Maybe you are used to going to a dedicated space or a gym, but find yourself needing to make the most out of your space at home.
And you might be running into a few problems, such as a limited area to work with, family or roommates, or even less-than-stellar flooring.
No matter what it is you feel is holding you back, you can make it work. All it takes is a bit of creativity, a solid plan, and a dedication to moving regardless of your circumstances.
We’ll show you living proof of people who are making it work in small spaces, and we’ll show you how to make the most of your own personal space.
Constraints Force Creativity: Movement in Any Space
Alright, you might be thinking that your space is too small and restrictive to do anything substantial with.
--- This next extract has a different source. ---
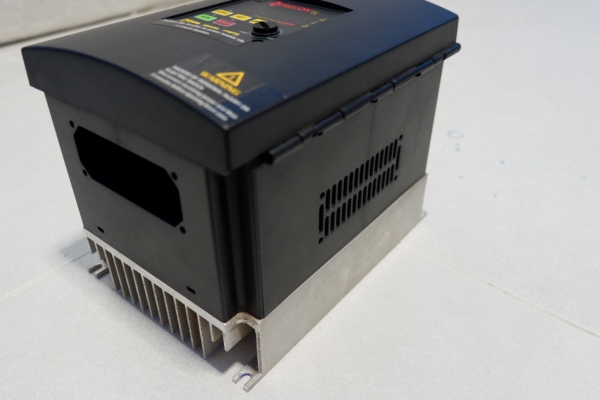 อินเวอร์เตอร์ 7.5ph 5.5kw ไฟเข้าAc 3PH 360-460v 50/60Hz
But we know better. There are thousands of GMB clients using less-than-ideal space to practice their movement using our programs.
You can too and here’s how.
First, you want to get creative and look at what you have to work with. Are you in a house, a shoebox-sized apartment, a small garage space? What’s taking up this space? Can you move anything aside? Can you use anything in your space to aid in your movement practice?
There are many ways you can make the most of your space. And you’re only limited by your imagination.
Do you have a doorway? If so, you could hang a portable chin-up bar.
Couch or chair nearby? You can prop your feet up to make those push-ups harder.
One thing we want to mention is while you may see Ryan performing all the movement demos in a big space, it’s only because it’s less distracting and way more valuable for you. In the videos, you see Ryan, the floor, and not much else. This is to help you focus on him and the movements, not the furniture, or the dog and kids running around.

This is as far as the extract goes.